At least 13 people died when Shia Muslim fighters clashed with security forces in northern Yemen, local authorities said.
Two soldiers were killed and four others were wounded when the fighters attacked a security checkpoint on Friday, in the northwestern al-Jawf province, according to state news agency Saba.
The fighters were from the Houthi movement, which is seeking to strengthen its hold on the north.
An exchange of fire took place as a result of the attack and three of the Houthi attackers were killed and several others were arrested, a statement by the local authorities said.
The security situation in Yemen is closely watched in Gulf Arab states and the United States, given the impoverished country’s strategic position next to top oil exporter Saudi Arabia and to main shipping lanes.
Varying accounts of attack
Security sources told Reuters news agency that violence erupted after members of the Houthi group staged a protest in al Hazm, the provincial capital of al Jawf province, against what they said was the government’s failure to boost the economy and end violence.
Officials from both sides have given different accounts of what happened next.

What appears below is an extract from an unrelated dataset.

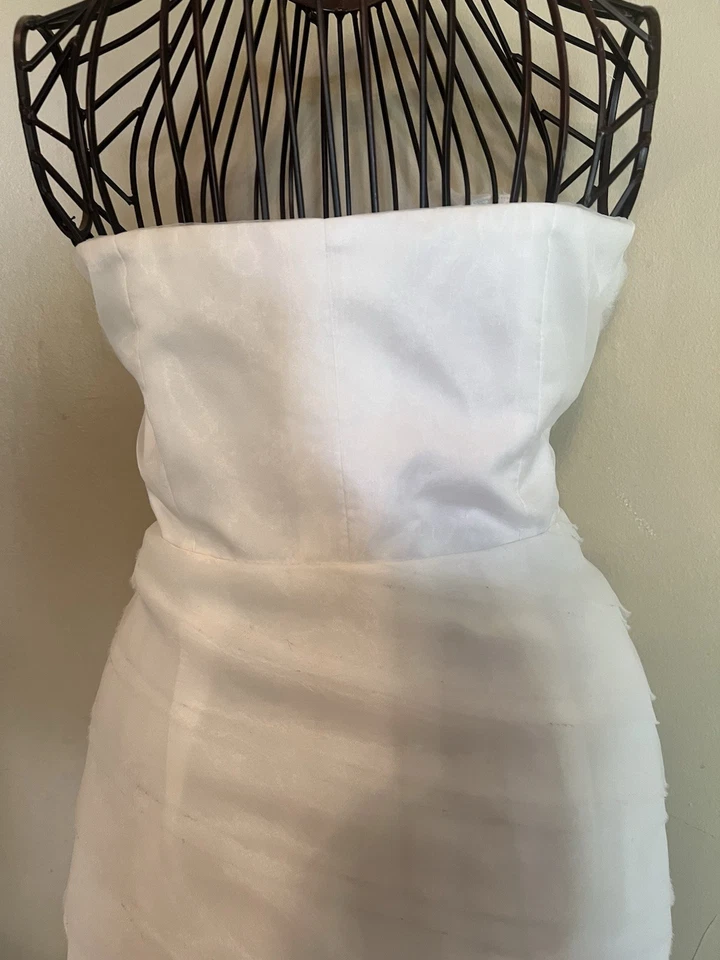 Wedding Gown white size 12 - Image 4 of 4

One government security source, who asked not to be named, said armed Houthis exchanged fire with soldiers at an army checkpoint near a local government compound, leaving at least 10 Houthis and three soldiers dead, while another said some of the soldiers may have been supporters of one of the Houthis’ long-standing foes, the Sunni Islah party.

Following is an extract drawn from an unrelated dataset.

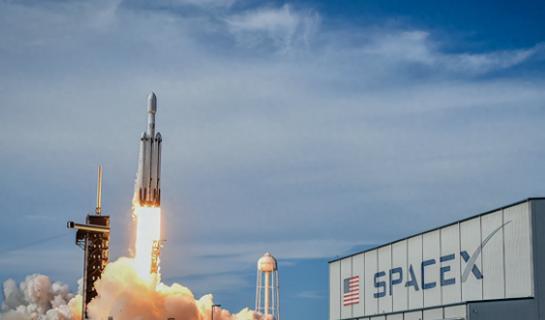 持有SpaceX正股有浮盈，这个策略帮你锁定已有收益。不少人在SpaceXI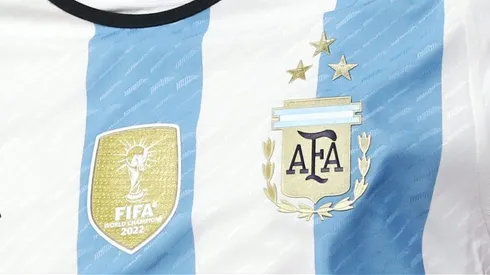 La Selección Argentina, con tres estrellas. Según la IA, en 2026 no conseguirá la cuarta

The Houthis said they were attacked by armed Islah members supported by a group from the army, according to a statement on a Houthi-linked website, but Islah member Mohammed Qahtan said the group had no armed wing and played no part in Friday’s fighting.
Yemen’s interim President Abd-Rabbu Mansour Hadi has been struggling to restore order and meet the demands of the country’s rival groups since his predecessor, veteran strongman Ali Abdullah Saleh, was forced out of office in 2012.
On Wednesday, the UN Security Council authorised sanctions against anyone in Yemen who obstructs the country’s political transition or commits human rights violations but stopped short of blacklisting any specific individuals.